[[ Input for this task open ]]

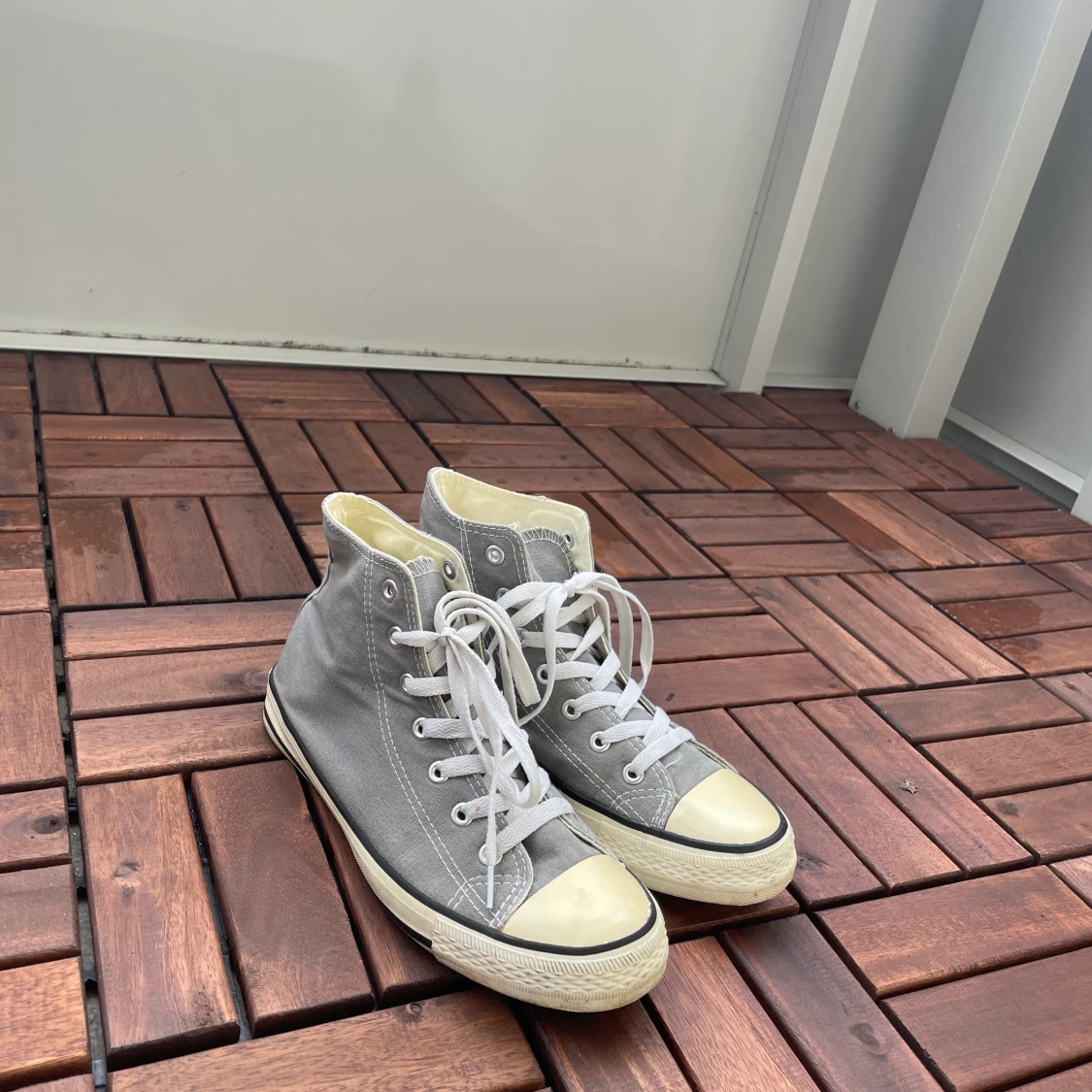 Converse - 90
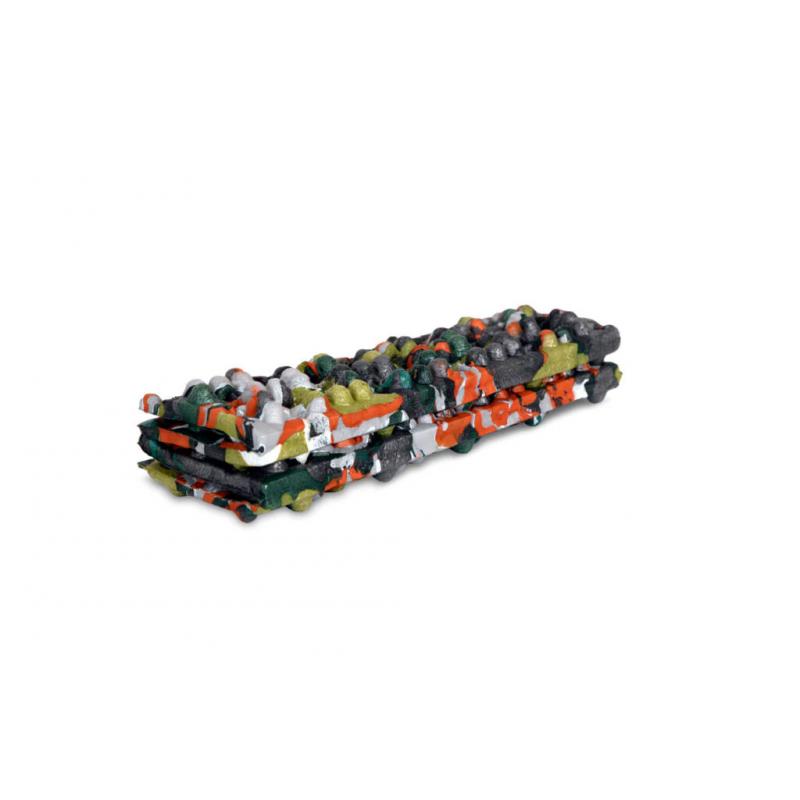 Nemo Nemo Chipper 811666032881 Lillehammer Sport 4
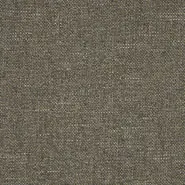 Campbell (9-2263-030)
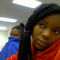 Khaliyah Bynum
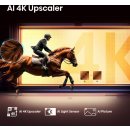 Product alternative photo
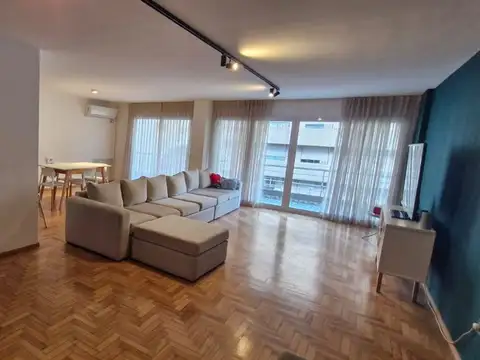 Departamento en Venta en Centro, Cordoba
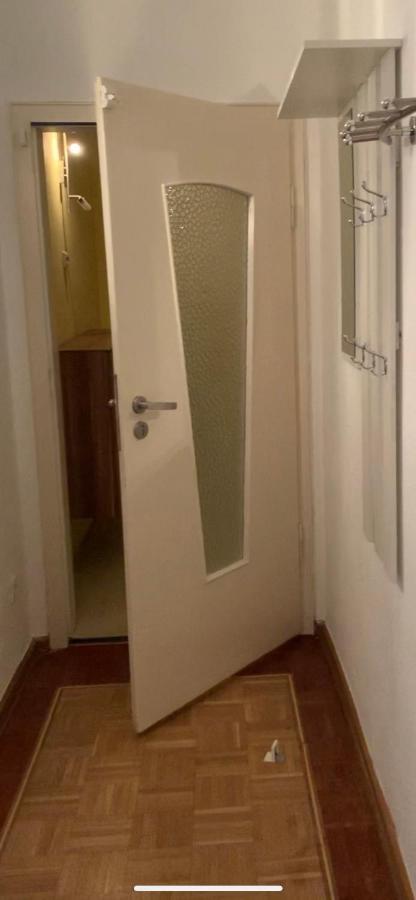 Aschaffapartment 4 Schlafzimmer Bis 10 Personen Bei Aschaffenburg Mainaschaff Zewnętrze zdjęcie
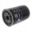Oil Filter Oc26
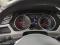 preview Volkswagen Touran #5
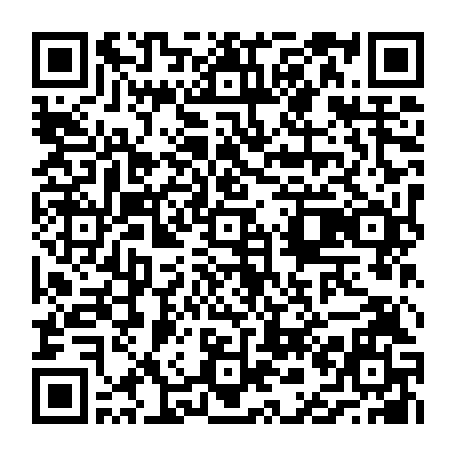 vCard 79236762734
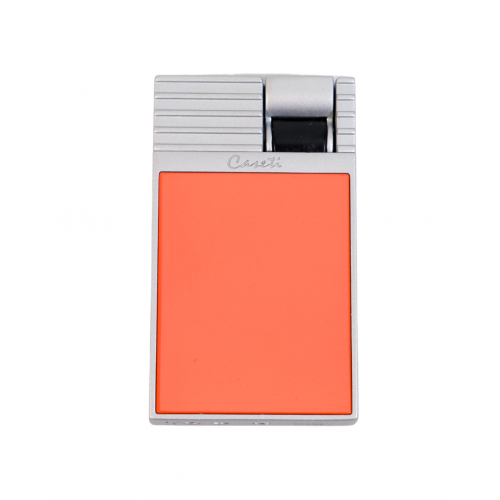 Caseti Çakmak CA578B(6)CA578B(6)Caseti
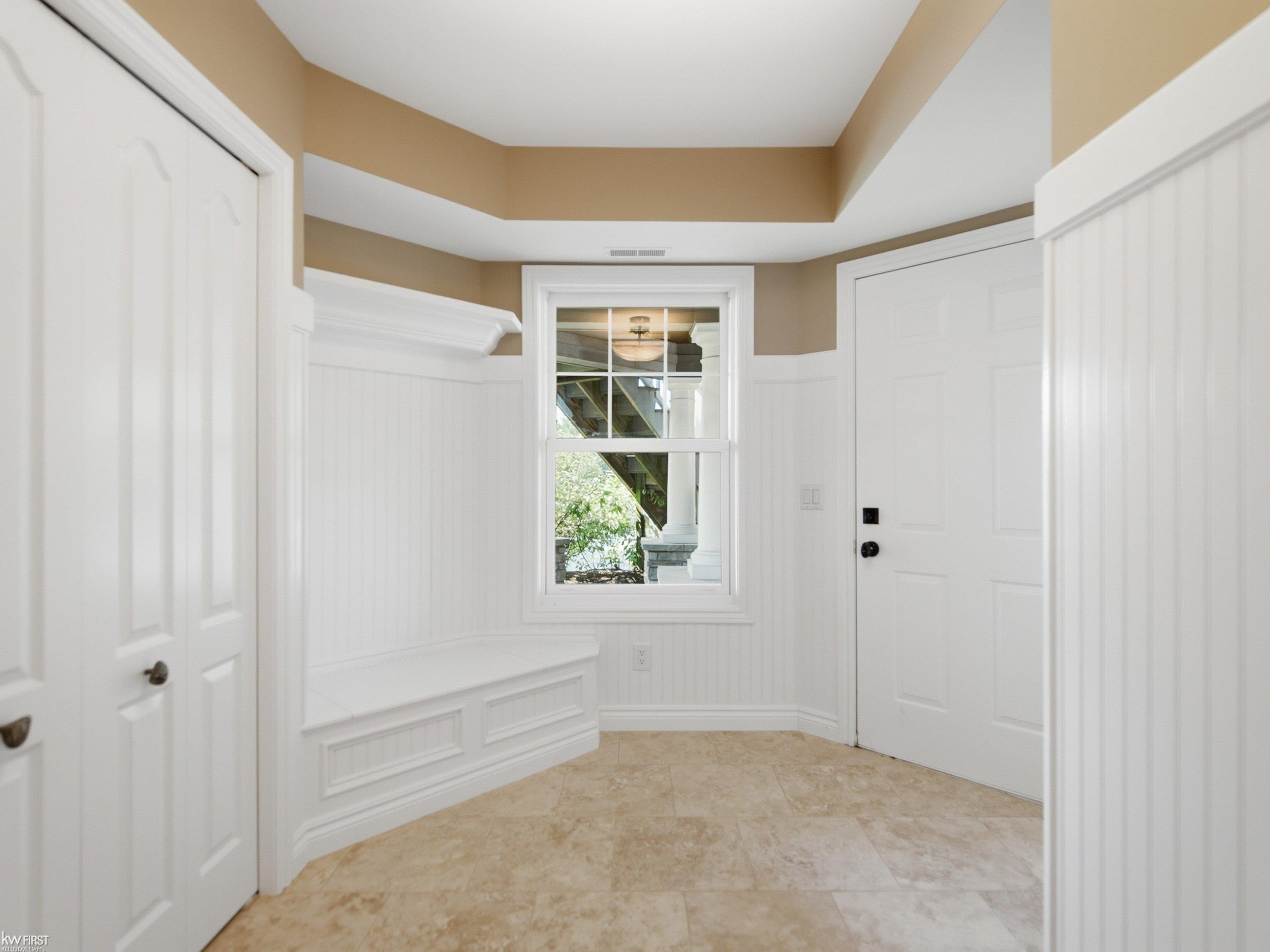 7511 Greene Haven Drive, Clarkston, MI 48348 — Photo 50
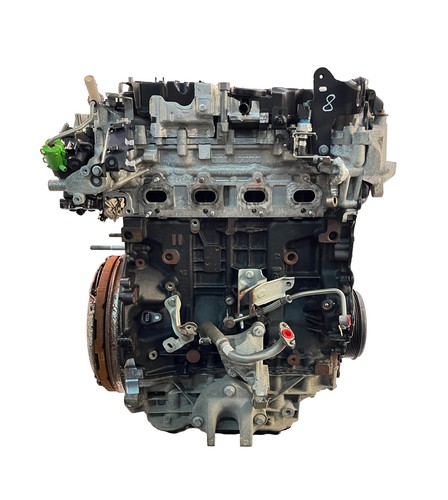 Motor für opel nissan - motor,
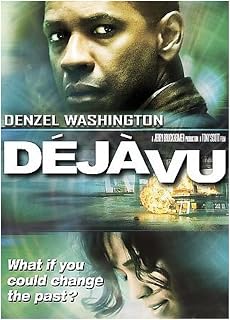 DEJAVU (MOVIE)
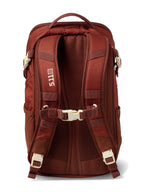 MVR 35L Backpack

[[ Input for this task closed ]]

» What the task asks
Set down all the lines above exactly as they appear, with no pictures.

» Output below
 Converse - 90
 Nemo Nemo Chipper 811666032881 Lillehammer Sport 4
 Campbell (9-2263-030)
 Khaliyah Bynum
 Product alternative photo
 Departamento en Venta en Centro, Cordoba
 Aschaffapartment 4 Schlafzimmer Bis 10 Personen Bei Aschaffenburg Mainaschaff Zewnętrze zdjęcie
Oil Filter Oc26
 preview Volkswagen Touran #5
 vCard 79236762734
 Caseti Çakmak CA578B(6)CA578B(6)Caseti
 7511 Greene Haven Drive, Clarkston, MI 48348 — Photo 50
 Motor für opel nissan - motor,
 DEJAVU (MOVIE)
 MVR 35L Backpack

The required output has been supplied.